Identifying and Reducing Bureaucratic Burdens
01 March 2012
The DfE submitted five questions to NFER’s Teacher Voice Omnibus Survey in November 2011. These covered the following topics: bureaucratic burdens that have prevented teachers from raising attainment and achievement of children and standards in school; and health and safety requirements that have got in the way of teaching or managing at school and/or taking pupils on school trips.
In addition to the questions submitted through the Omnibus survey for primary and secondary school teachers, DfE commissioned NFER to undertake a separate survey, comprising the same questions, of teachers in maintained special schools in England.
The report provides an analysis of the responses to the questions in both surveys, along with supporting information about the two questionnaires. Results are presented by school type (main sample and special), phase (primary and secondary) and by teacher seniority level (classroom teachers or senior leaders).
Key Findings
- The majority of teachers felt that there was at least one bureaucratic burden preventing them from raising attainment and achievement of pupils and standards. The most commonly given reasons included paperwork, assessing pupil progress and monitoring data.
- For special schools, the largest proportion of respondents revealed monitoring data and evidence was a burden.
- The main sources of burdens seemed to be the school itself – this was particularly true for classroom teachers, whereas proportionally more senior leaders indicated that the DfE was the main origin of burden.

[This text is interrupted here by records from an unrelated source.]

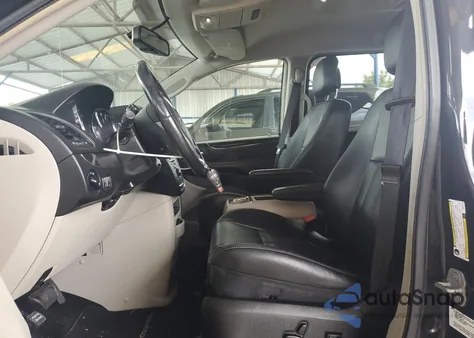 2013 Chrysler Town & Country Touring z USA, uszkodzony, nr VIN 2C4RC1BG2DR821160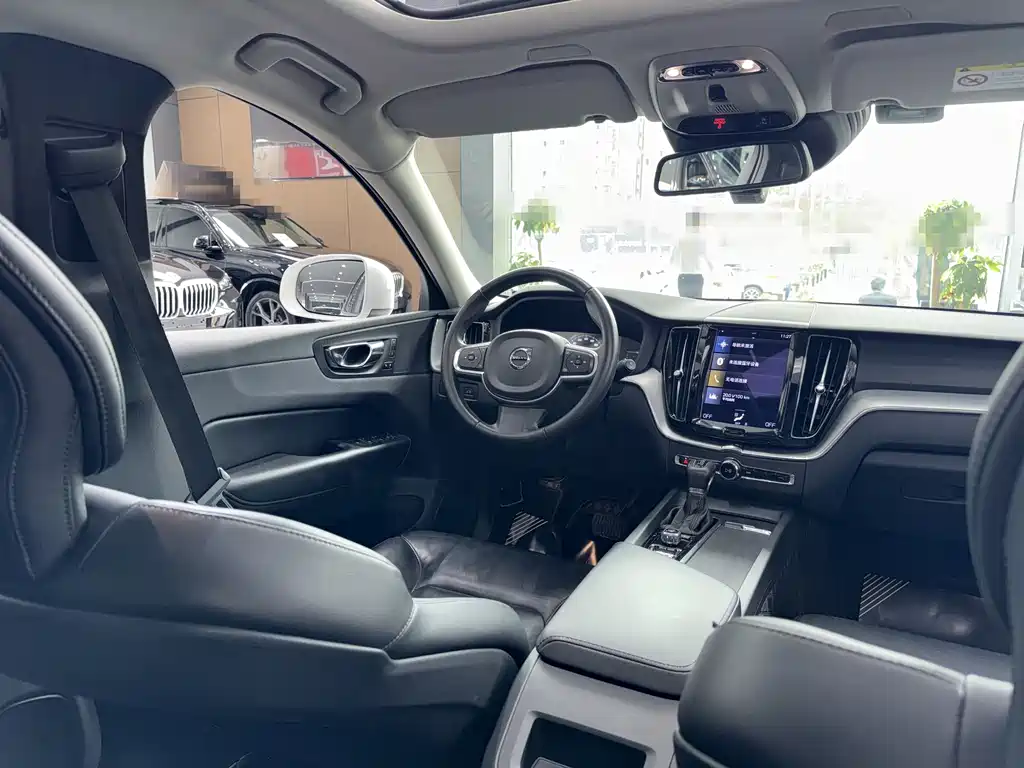 Volvo XC60 2021 T5 Luxury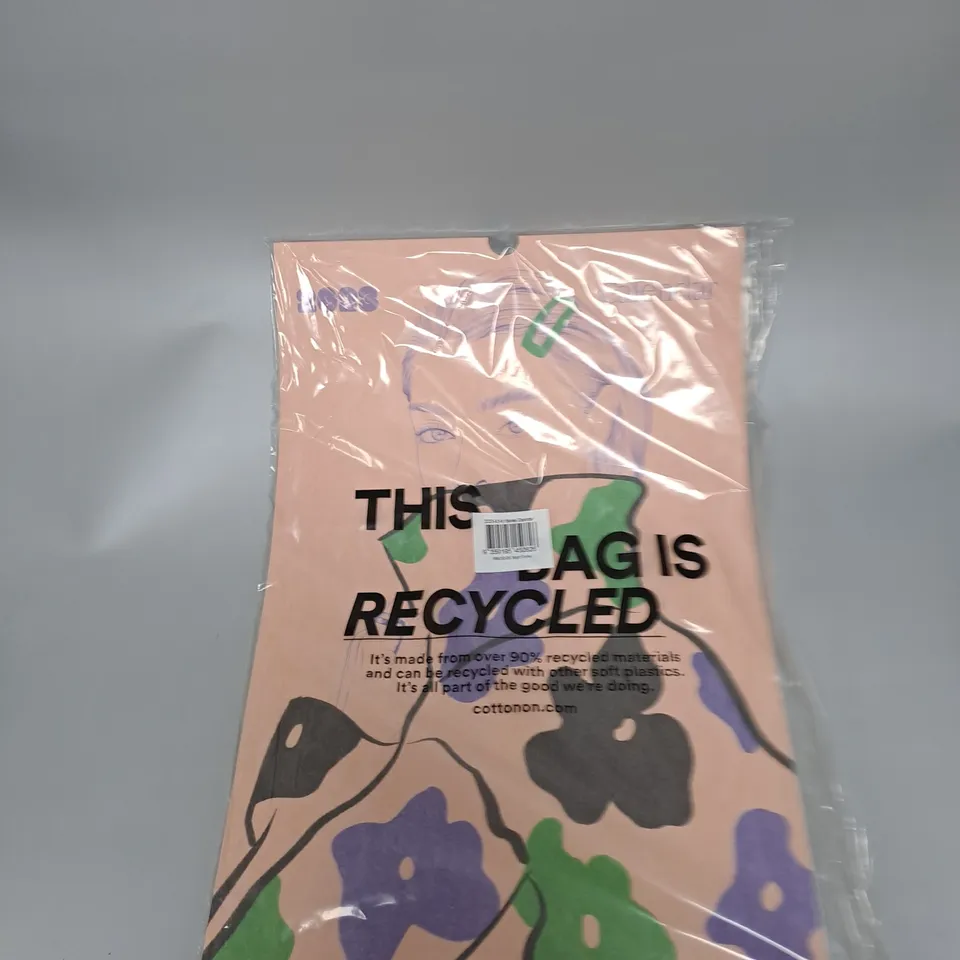 BOX OF 18X TYPO ARTISTS CALENDARS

- Teachers felt additional skilled staff and/or help in the classroom would reduce bureaucratic burdens; for special school teachers, most often their suggestions focussed around spending more time on teaching, learning and child development; reducing monitoring and data recording and stabilising policy changes.
- Health and safety requirements appeared to be a barrier to teaching/managing in school or to taking pupils on school trips. This was mainly thought to be due to paperwork being too onerous.